The virus also has the potential to infect the brain directly. However, most of the physical effects we’ve seen in survivors look like the secondary impacts of the virus being present in the brain rather than the effects of direct infection. For example, our immune system can appropriately fight the virus, but may start to attack our own cells – including our brain cells and nerves. This may be through the actions of immune cells and antibodies via an inflammatory mechanism known as a cytokine storm, or through mechanisms we don’t yet understand.

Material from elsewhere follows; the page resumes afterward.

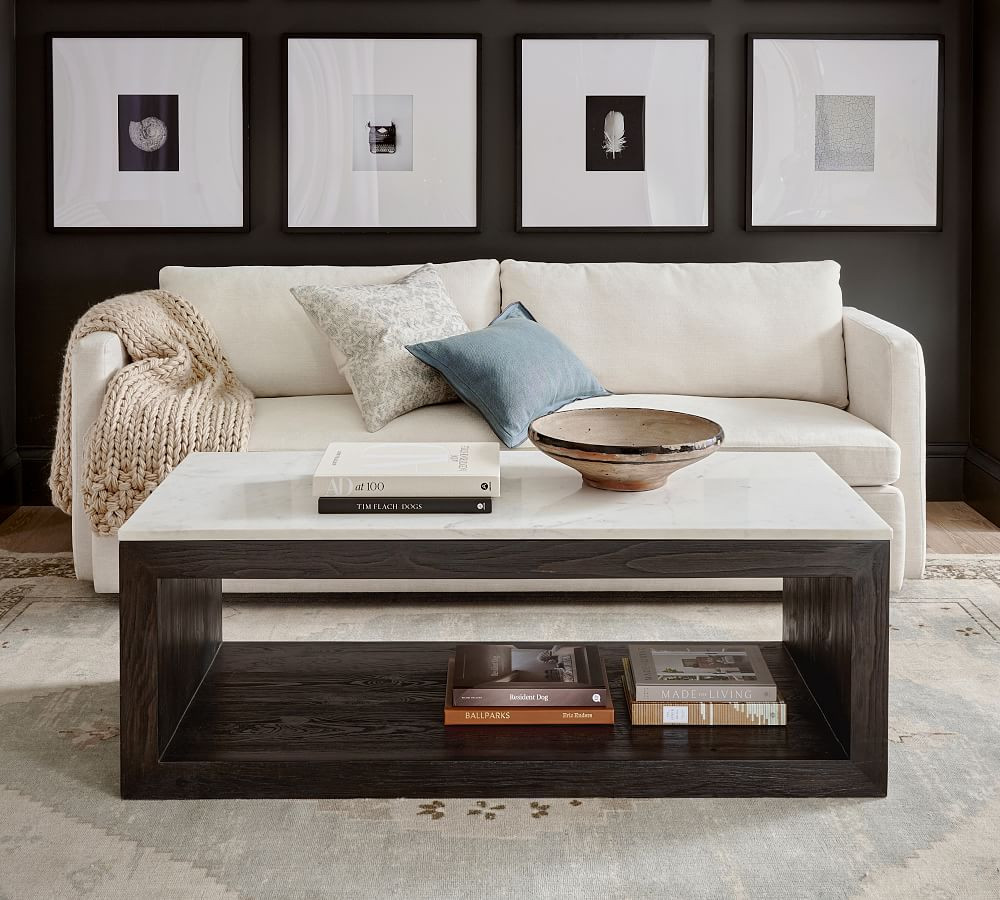 Folsom Rectangular Marble Coffee Table (53") | Pottery Barn (US)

There are also Covid-19 patients having ischaemic strokes, where a blood clot blocks the flow of blood and oxygen to the brain. Some of these patients have stroke risk factors (for example high blood pressure, diabetes or obesity), though their strokes have been particularly severe. It seems that this is because the blood rapidly becomes thickened in Covid-19 and, in these patients, there have been multiple blood clots in the arteries feeding blood to the brain, even in patients already receiving blood thinners. In others, there is brain bleeding due to weakened blood vessels, perhaps inflamed by the effects of the virus.
Where infection with the coronavirus is associated with inflammation or damage to the nerve endings themselves, individuals may develop burning and numbness and also weakness and paralysis. Often it’s difficult to know if these are the effects of critical illness on the nerves themselves or if there are additional aspects of brain and spine involvement.
All of these effects on the brain and nervous system have the potential for long-term damage and can stack up in an individual. But we need to know more about what’s going on in people’s nervous systems before we can accurately predict any long-term effects.
One way of finding out more is to take a look inside patients’ heads using brain-imaging techniques, such as MRI. So far, brain imaging has revealed a pattern of previously unseen findings, but its still very early days for using it in this pandemic.
In one study, patterns found included signs of inflammation and a shower of small spots of bleeding, often in the deepest parts of the brain. Some of these findings are similar to those seen in divers or in altitude sickness. They might represent the profound lack of oxygen being delivered to the brain in some patients with Covid-19 – but we are only starting to understand the full scope of the brain’s involvement in the disease. Brain-imaging and postmortem studies for those killed by Covid-19 have been limited to date.
The main thing that all of the studies have in common is how humbling they are and how they illustrate how much we still do not know about this virus.